Kur'an’da el-be’sâ lafzıyla “yoksulluk” dört ayette geçer. Ayetlerin ikisi, iki Mekki surenin birer ayetinde diğer ikisi ise bir Medeni surenin iki ayetinde yer almaktadır.[1] Söz konusu ayetler, içlerinde bulundukları surelerin iniş sırasına göre klasik ve modern dönem yorumları ışığında değerlendirilecektir. Konuya dair bu ilk yazıdaki amacımız; “yoksulluk (el-be’sâ)” ifadesinin geçtiği ilk iki ayet bağlamında Allah’a boyun eğip kurtulma fırsatı olarak zorlukların pozitif yönünü ve yokluğa sabretmenin değerini ortaya koymaktır. İkinci ayet ele alınırken Kur'an’ın Kur'an ile tefsiri yöntemine başvurulmuştur.
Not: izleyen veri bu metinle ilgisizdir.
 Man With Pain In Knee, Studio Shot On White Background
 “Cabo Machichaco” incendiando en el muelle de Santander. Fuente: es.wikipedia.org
Peygamberleri ve onların mesajlarını yalanlayanların başı beladan kurtulmaz. Bu ilahî yasa, günümüzde yaşayan bir peygamber olmasa da yürürlüktedir: “Biz hangi ülkeye bir peygamber gönderdiysek ora halkını, (peygambere baş kaldırdıklarından ötürü bize) yalvarıp yakarsınlar diye mutlaka yoksulluk ve darlıkla sıkmışızdır.” (el-A`raf 7/94). İnkârları nedeniyle sıkıntıya uğrayan toplumların çoğu, dünyevi anlamda tehlikenin geçtiğini düşündükleri anda eski nankörlüklerine geri dönerler. Hâlbuki başlarına gelen felaket, olumlu açıdan bakıldığında kendilerini düzeltmeleri için kuvvetli bir uyarı ve doğru yola gelme imkânı niteliğindedir. Bu uyarıyı dikkate almayıp inkârlarını sürdürenler ne kadar iyilik yapsalar da yaptıkları onları cennete götürmeye yetmeyecektir. Zaten insanların inkâr ettikleri Allah’tan ödül bekmeleri tutarlı olmaz.
İnsanların dünyevi kaybı, özeleştiri yapıp dünya ve ahiret mutluluğunu elde etmeye yönelmeleri için bir imkândır: “Ant olsun ki senden önceki ümmetlere de elçiler gönderdik. Ardından boyun eğsinler diye onları yoksulluk ve hastalıklara uğrattık.” (el-Enâm 6/42). Dünyevi refahın kaybolması, her zaman kulların aleyhine değildir. Dünya hayatındaki nimetler, cennet nimetleriyle karşılaştırıldığında azdır. Allah’ın dünyevi nimetleri azalttığı toplumlar, dünya hayatının geçiciliğini daha net görebilirler. Dolayısıyla bu azaltma işi, hakikati görebilme açısından bir avantajdır. Bu ayetten yola çıkarak İslâm adına kendini dünya nimetlerinden yoksun bırakmaya çalışanlar olmuşsa da bu ayet onlara delil olmaz. Ayetin konusu yalanlayanların doğru yola gelmeleri amacıyla Allah’ın onları nimetlerden yoksun bırakmasıyla ilgilidir. Ayette müminleri yoksulluğa teşvik eden bir ifade yoktur. Temiz şeylerden yiyip içmek peygamberlere olduğu gibi (el-Mü’minûn 23/51) müminlere de helal kılınmıştır (el-Bakara 2/172). Bir örnek verilecek olursa İslâm’da iftar ve sahur yapmaksızın oruç tutmak, yıl boyu oruç tutmak övülmemiştir. Aksine Kur'an’da şöyle buyrulur: “De ki: ‘Allah'ın kulları için çıkarmış olduğu süsü ve rızkların temiz olanlarını haram kılan kimdir?’ De ki: ‘Onlar dünya hayatında iman edenler içindir. Kıyamet gününde ise yalnız onlara özeldir.’ Bilen bir topluluk için ayetlerimizi işte böyle etraflıca açıklıyoruz.” (el-A`raf 7/32).
Görüldüğü gibi Kur'an’da el-be’sâ lafzının yer aldığı kronolojik olarak ilk iki ayette Allah’a kulluğa çağıran peygamberlerin yalanlandığına, buna karşılık doğru yola gelsinler diye yoksulluk ve felaketle imtihan edildiklerine dikkat çekilmektedir. Yani bela, istenen bir şey olmasa da ahireti merkeze alanlar için bu dünyanın geçiciliğini gösterme ve kalıcı hayata (ahiret) yönlendirme açısından bir nimettir.
[1] el-A`raf 7/94; el-Enâm 6/42; el-Bakara 2/177, 214.